Exercise requirements
A verbatim copy of all the data is required, minus any images.

::::::::

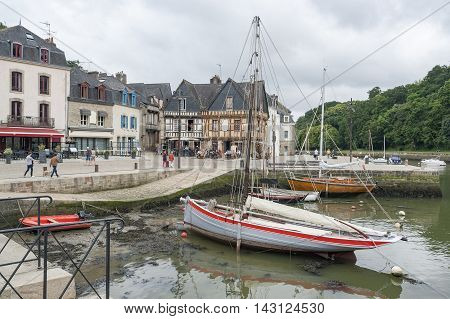 scenery in a french city named Auray located in the Morbihan department in Brittany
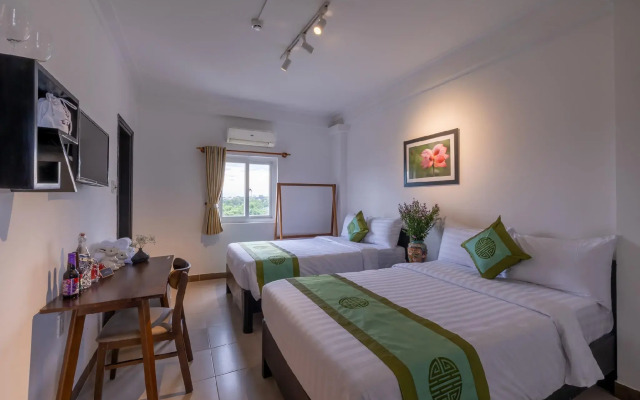 Purple Hue Charming Riverside Hotel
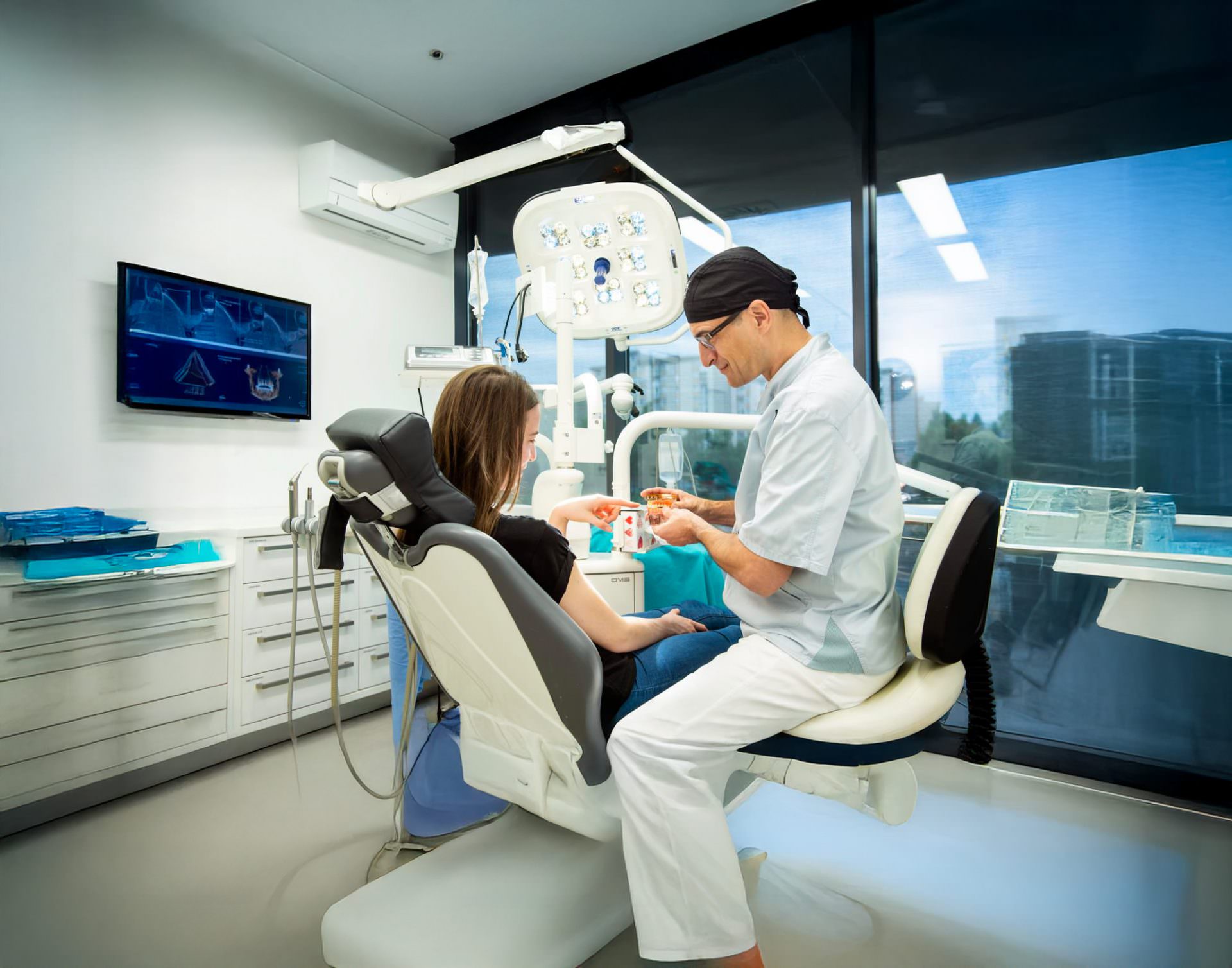 D-Center Ljubljana – zobozdravstvo, implantati, oralna & estetska kirurgija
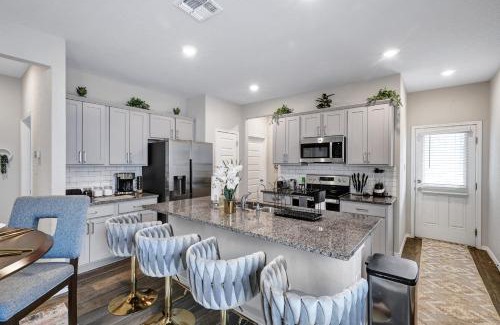 Converse House | Modern Hot Tub Escape Yard Bbq Pets Games Wifi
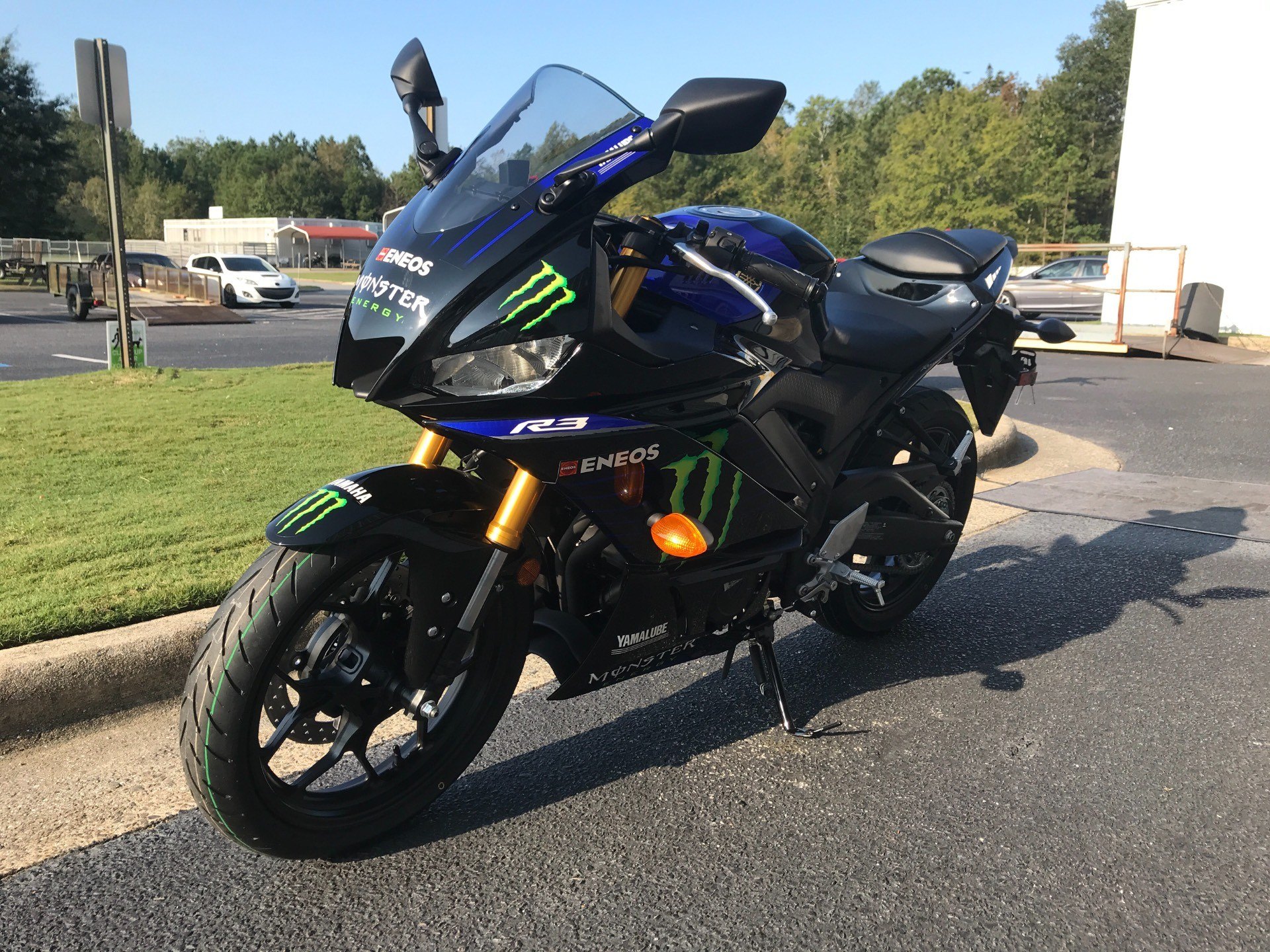 2021 Yamaha YZF-R3 Monster Energy Yamaha MotoGP Edition in Greenville, North Carolina - Photo 4
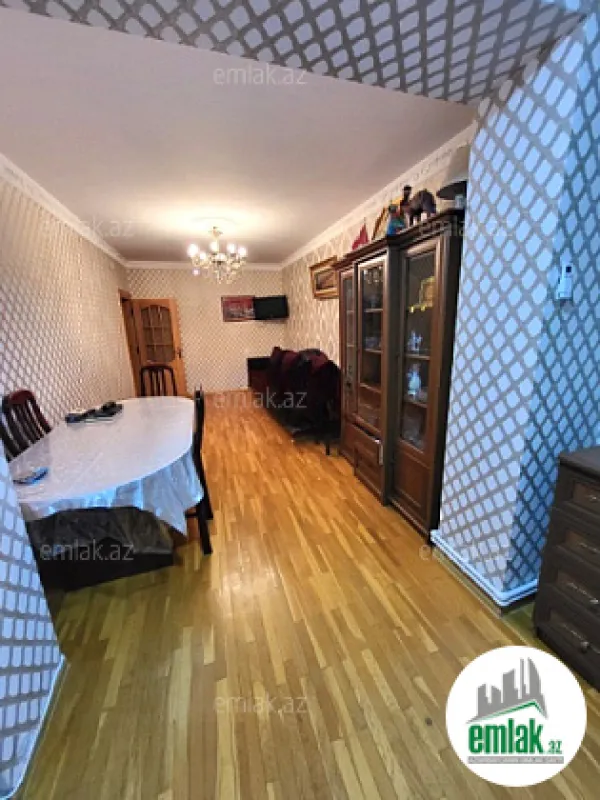 Satılır 4 otaqlı köhnə tikili 100 m²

::::::::

Solved problem
 scenery in a french city named Auray located in the Morbihan department in Brittany
 Purple Hue Charming Riverside Hotel
 D-Center Ljubljana – zobozdravstvo, implantati, oralna & estetska kirurgija
 Converse House | Modern Hot Tub Escape Yard Bbq Pets Games Wifi
 2021 Yamaha YZF-R3 Monster Energy Yamaha MotoGP Edition in Greenville, North Carolina - Photo 4
 Satılır 4 otaqlı köhnə tikili 100 m²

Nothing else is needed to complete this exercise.